Lucketts is approximately 7 mi north of Leesburg, 18 mi south of Frederick, Maryland and 48 mi from downtown Washington, D.C.. The Potomac River is between Lucketts and Frederick, approximately 4 mi north on Route 15. The MARC commuter train makes frequent stops on the Maryland side in nearby Point of Rocks. Train whistles of the freight trains at night and dawn are frequently heard throughout Lucketts. Also, Washington Dulles Airport (IAD) is located 23 mi to the south, with some of the airport's major approach and departure paths directly above.

The village of Lucketts is visually cued by the traffic light at the intersection of Route 15, Lucketts Road, and Stumptown Road. Located there are antique stores, a gas station, a few residential homes and trailer parks, fire house, Lucketts Elementary School, and a cell phone tower. The Lucketts School, now the Lucketts Community Center, is listed on the National Register of Historic Places.
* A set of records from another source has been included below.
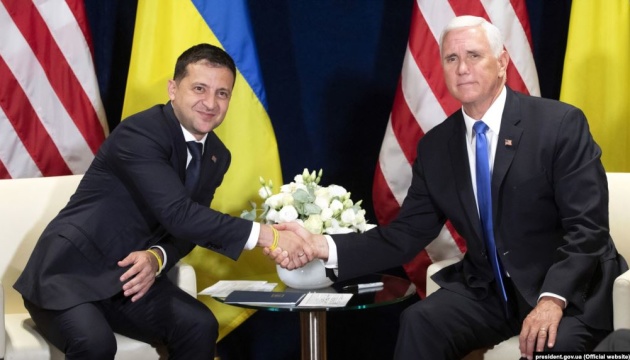 Volodymyr Zelensky s’est entretenu avec Mike Pence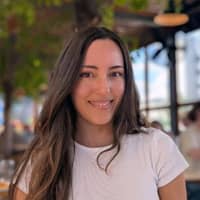 Sitter Profile Image: Carolina M.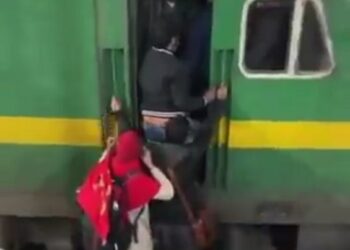 महाकुंभ स्पेशल ट्रेन के इंजन में चढ़े यात्री, पायलट को बैठने की जगह नहीं देखे VIDEO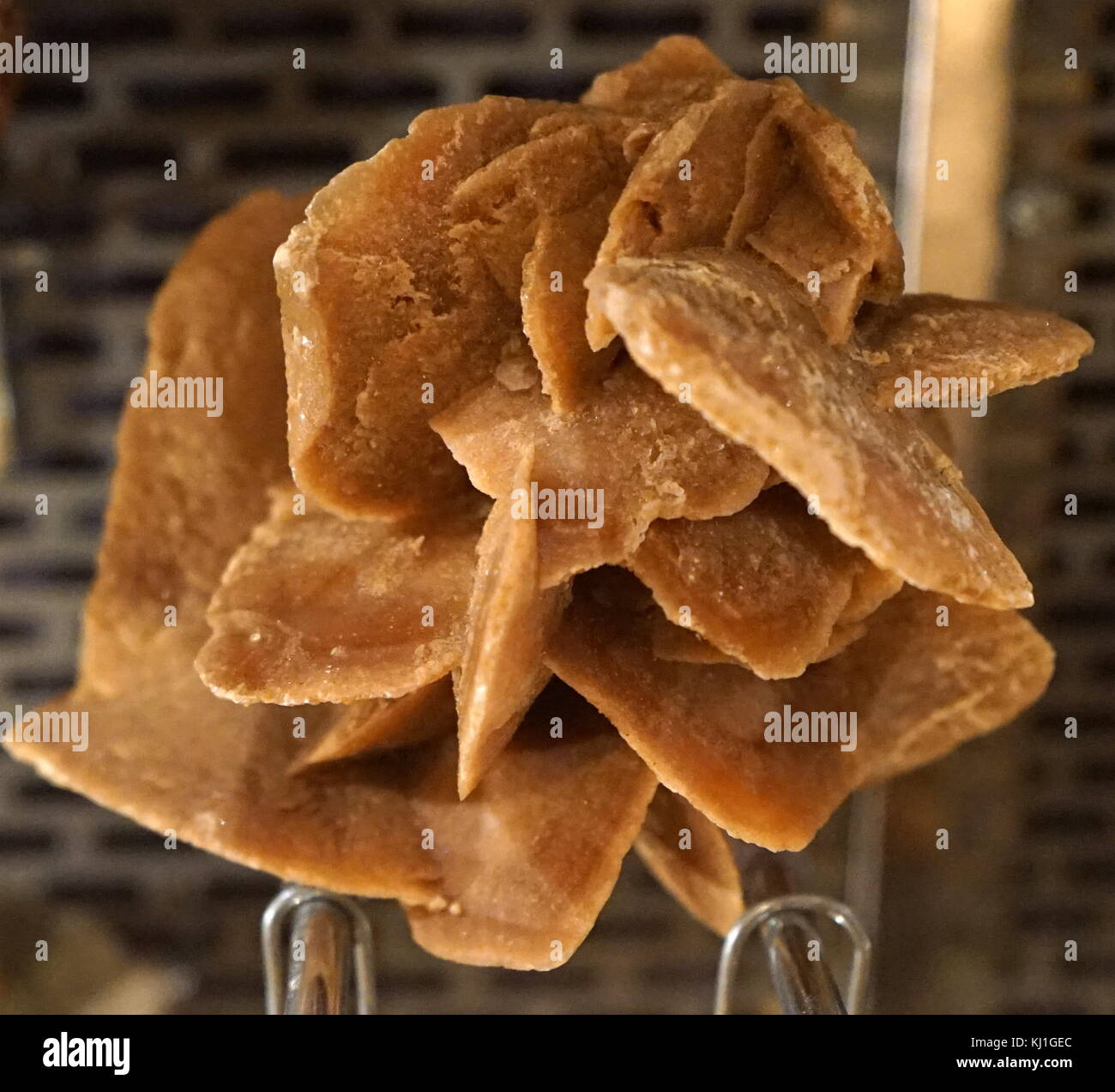 Desert Rose est le nom familier donné à rose-comme des formations des grappes de cristaux de gypse ou de baryte qui comprennent une abondance de grains de sable. Les pétales de 'cristaux' sont sur le c aplati de l'axe cristallographique, Fanning s'ouvrent dans la membrane des grappes de cristal aplati. Banque D'Images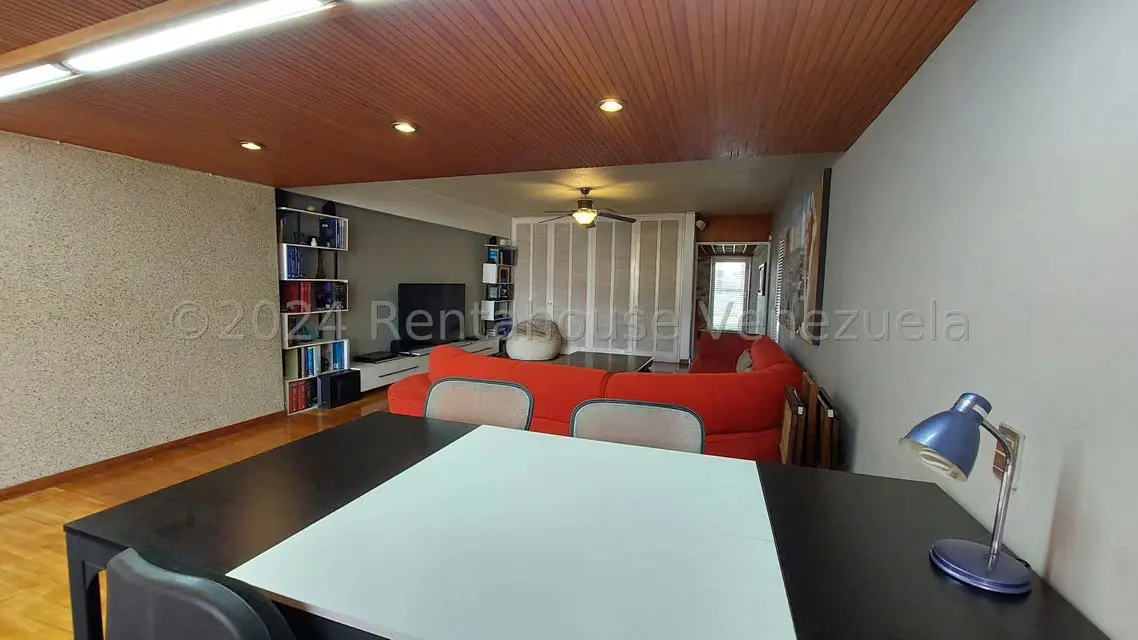 Apartamento (Penthouse) en Venta en La Florida, Distrito Metropolitano - 34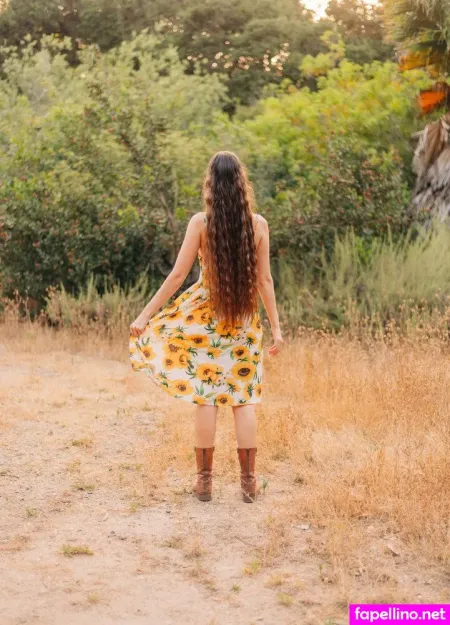 Duchess Satine OnlyFans Thumbnail #WD1XPvXVBH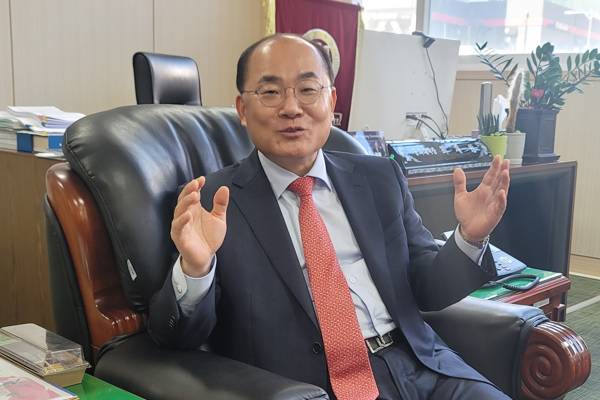 ▲최재원프리미어카지노장이지난3일부산대공과대학장실에서본지와인터뷰를하고있다.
Traffic going through Lucketts on Route 15 was approximately 18,000 to 21,000 vehicles per day as of 2005.

Lucketts is known for its annual fair in August, with crafts, food and hand-churned ice cream sold by the Lucketts Elementary School PTA. The Lucketts Community Center, located in the original wooden Lucketts School has a day care service, pre-school, adult activities, and since 1974, bluegrass concerts every Saturday night at 7:00 PM from October through April.